# [Work item]
An exact copy is needed of the lines in the entries below from the line with "We will enable" up to and including the line with "As Sunil goes", and of nothing else. Leave the pictures out.

Start of Block

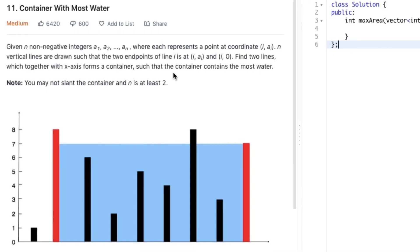Hi guys, welcome back to another video. In today's video we will be looking at another LeetCode question called Container With Most Water.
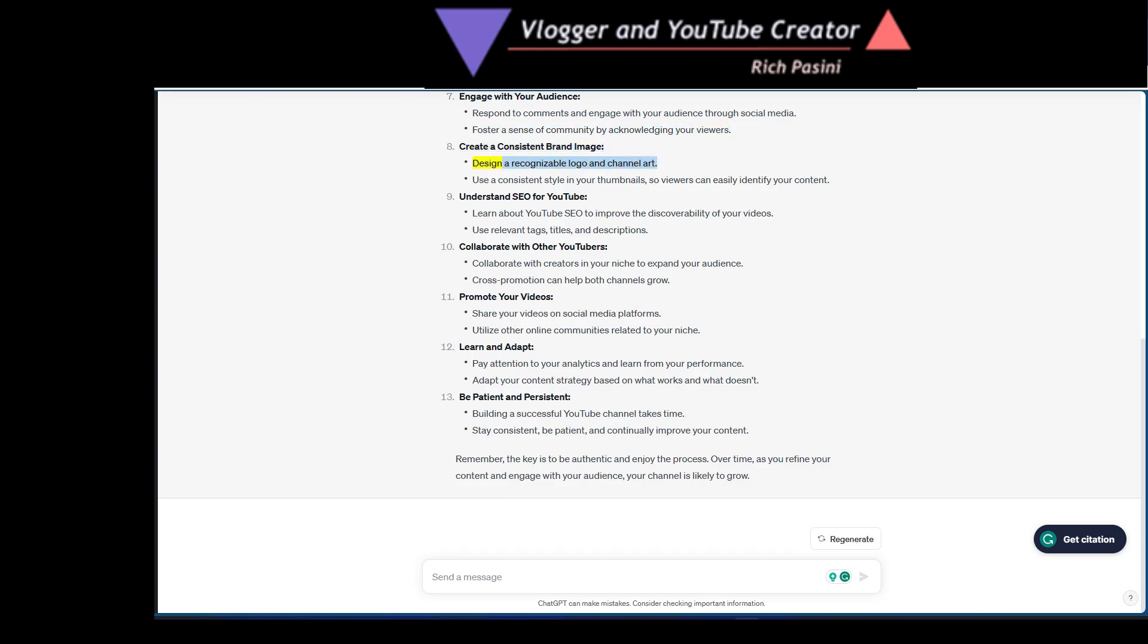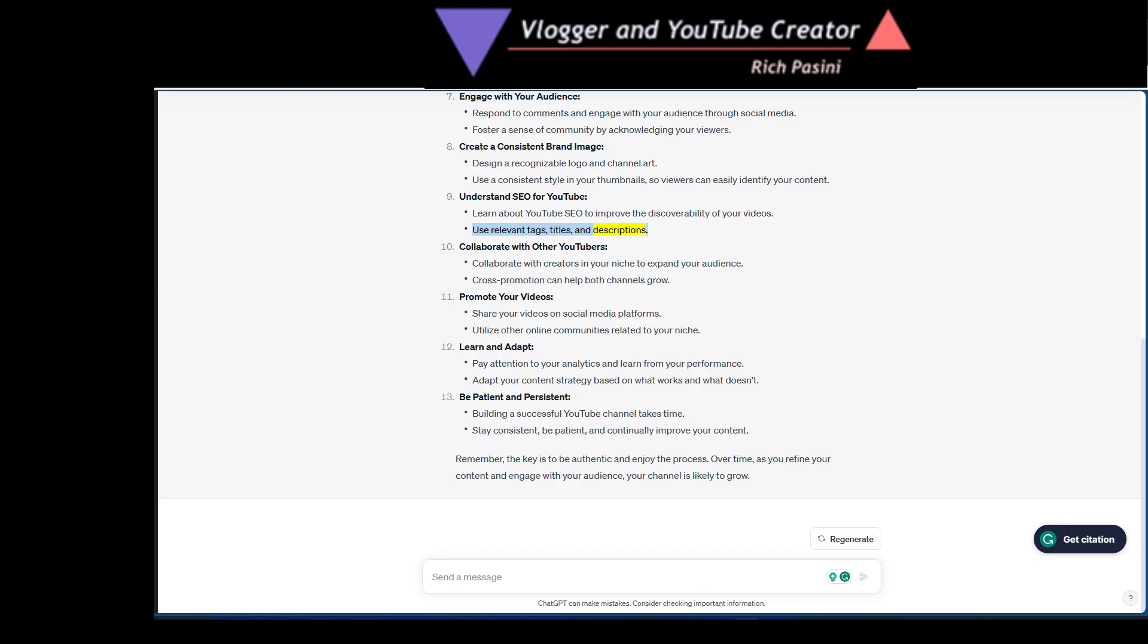Design a recognizable logo and channel art. Use a consistent style in your thumbnails so viewers can easily identify your content. Understand SEO for YouTube. Learn about YouTube SEO to improve the discoverability of your videos. Use relevant tags, titles and descriptions. Collaborate with other YouTubers. Collaborate with creators in your niche to expand your audience.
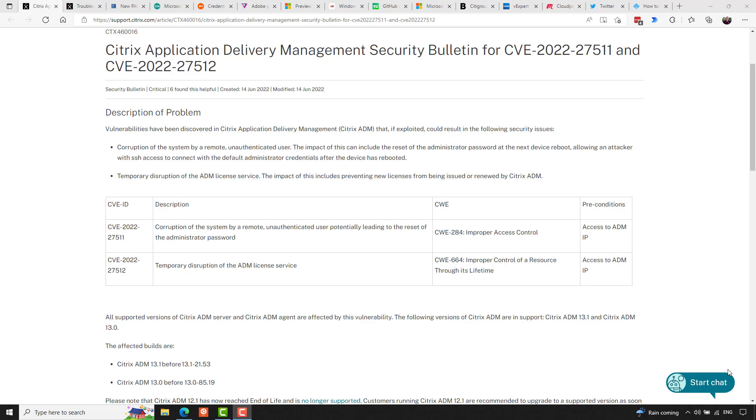All supported versions of ADM server and ADM agent are affected by this vulnerability. In general, Citrix strongly recommends that network traffic to the ADM's IP address is segmented, either physically or logically, from standard network traffic, and they say that doing so diminishes the risk of exploitation of these types of issues. Citrix recommends that affected customers install relevant updated versions of the ADM server and ADM agent as soon as possible, with Citrix ADM 13.1-21.53, and later versions of 13.1, and version 13.0-85.19, and later versions of 13.0.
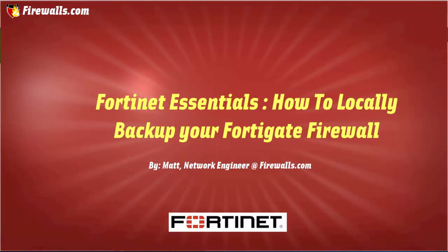Regular backups are important for long-term resiliency and recovery in the event of a hardware failure or a misconfigured change that has caused an outage. It's best practice to backup your device before making any changes.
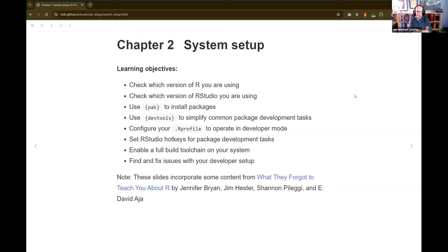Chapter two was all about system setup. I added to the content of the chapter with the book 'What They Forgot to Teach You About R,' which is also by Jenny Bryan, along with Jim Hester originally, and then Shannon Pellegrie and E. David Aja have done the workshops more recently. They are now also co-authors on that. System setup is a big part of that book, so I brought that in here.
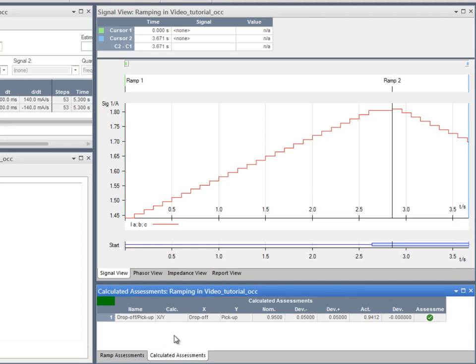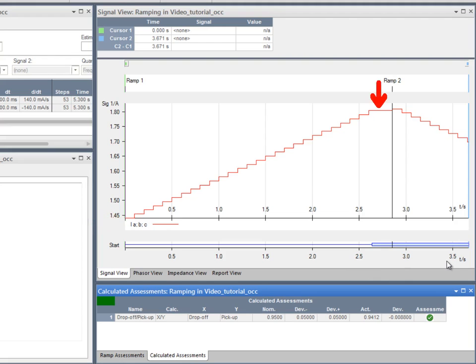After running the test, we can also have a look at the signal view that shows the ramp states with the recorded binary inputs. We can see the ramp starts at 1.44 amps and stops when the relay picks up.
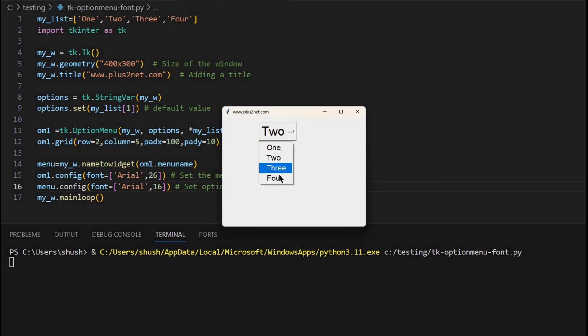So now the options are here. So this has taken a font size of 16, and this 2 has taken the size of 26. That's all friends. Hope you have enjoyed this tutorial.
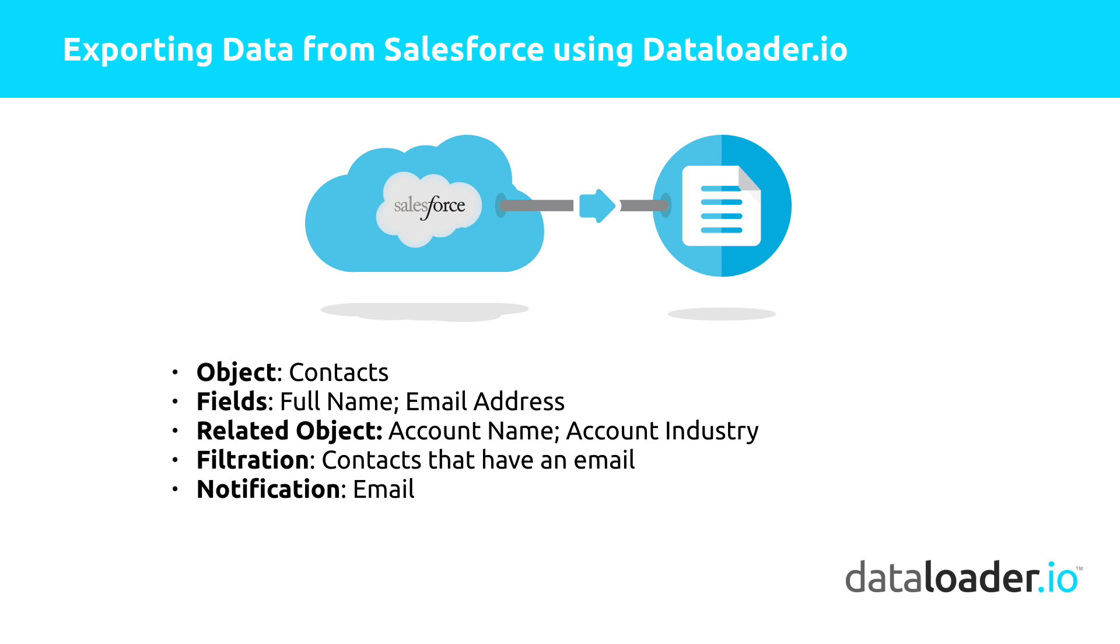We will enable notifications so when the export is completed, we will receive an email report. Lastly, we will connect our Dataloader to Dropbox and schedule daily exports.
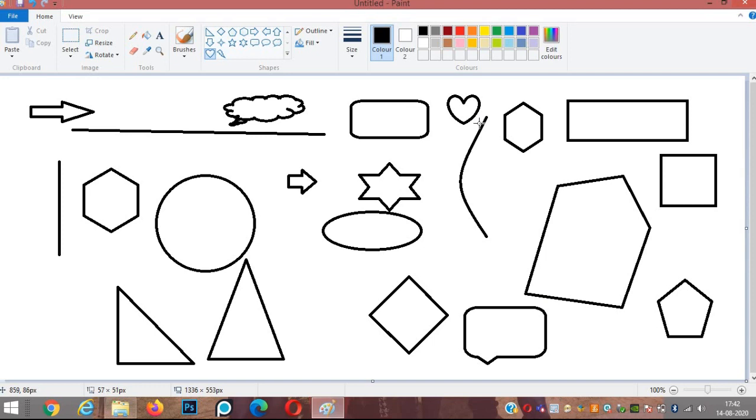Heart shape is also available in MS Paint. Last is the lightning shape.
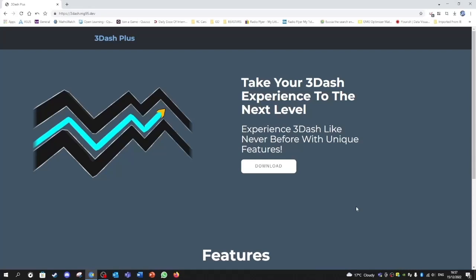Alright, the first step is you need to go on this website called free-mg95.dev. I'll leave a link below.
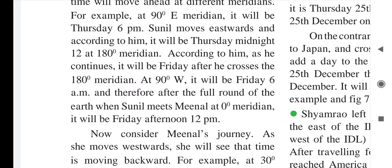As Sunil goes further to 90° west, it will be 6 am. After a full round of the earth, when Sunil and Minal meet at the zero degree meridian, it will be Friday afternoon, 12 pm for Sunil — but Venus day for Minal. We will now see how this is.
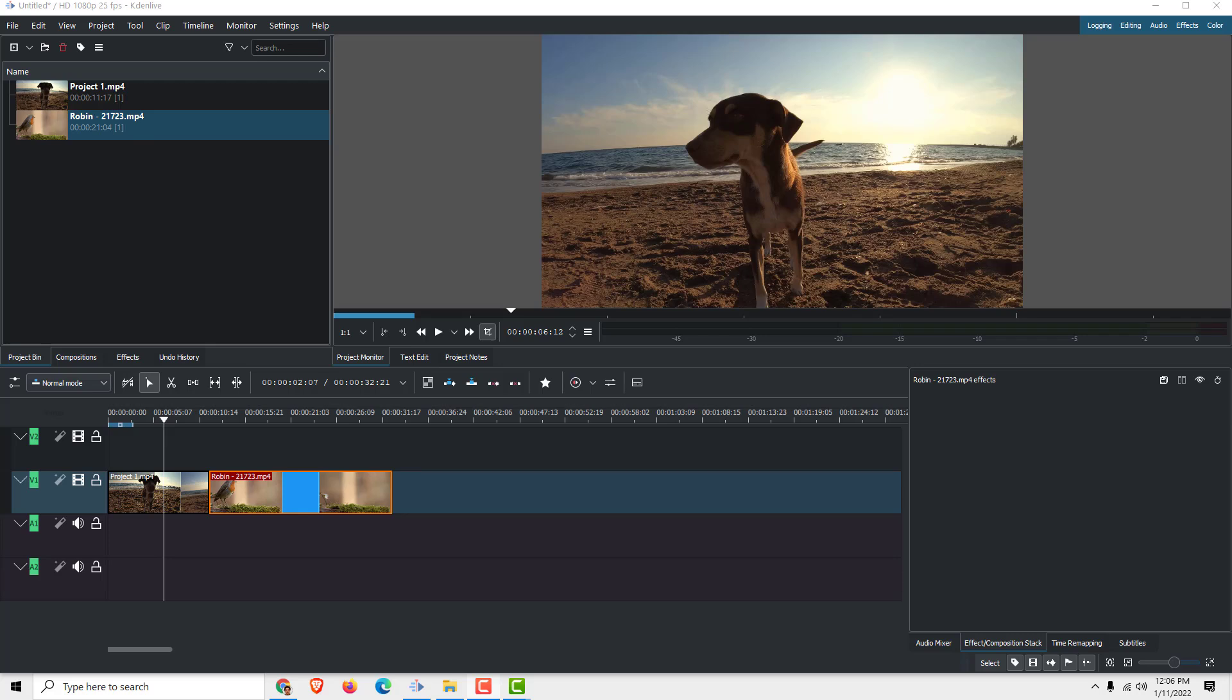Hey, what's up! Welcome to another Kdenlive tutorial. Today I'll show you how to add transitions between these two clips.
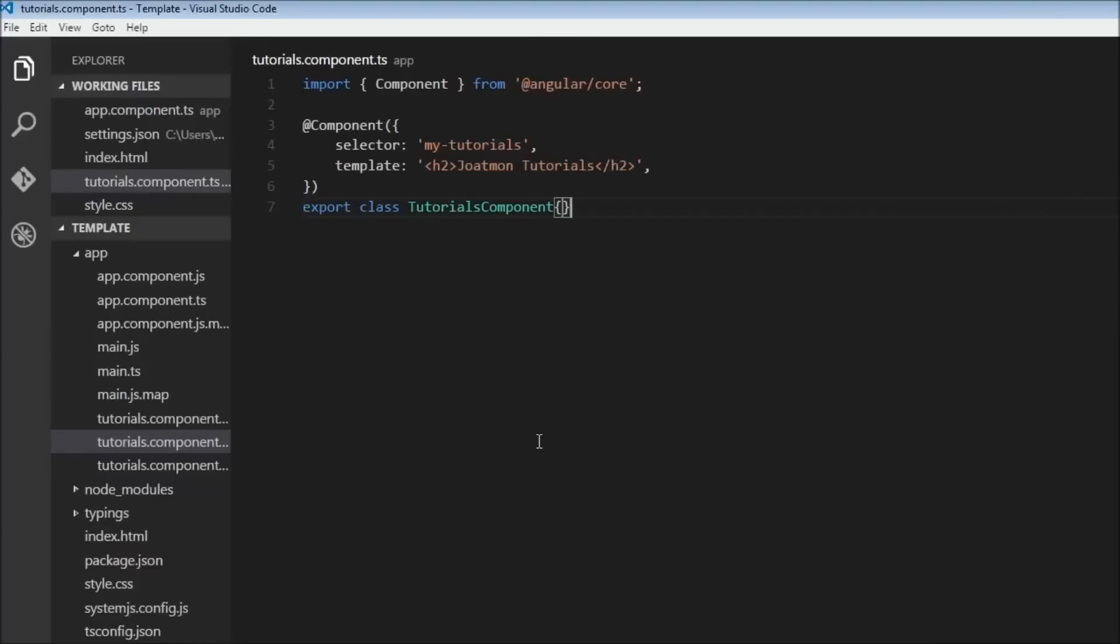Okay, welcome back guys. So far we have seen the selector, which is nothing but a custom HTML tag that we are going to use to represent this component, and we've also come across this template, which is nothing but our HTML code. Now in this video, let us learn how to style this HTML code for a component.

End of Block

# [Written response]
We will enable notifications so when the export is completed, we will receive an email report. Lastly, we will connect our Dataloader to Dropbox and schedule daily exports.
Heart shape is also available in MS Paint. Last is the lightning shape.
Alright, the first step is you need to go on this website called free-mg95.dev. I'll leave a link below.
As Sunil goes further to 90° west, it will be 6 am. After a full round of the earth, when Sunil and Minal meet at the zero degree meridian, it will be Friday afternoon, 12 pm for Sunil — but Venus day for Minal. We will now see how this is.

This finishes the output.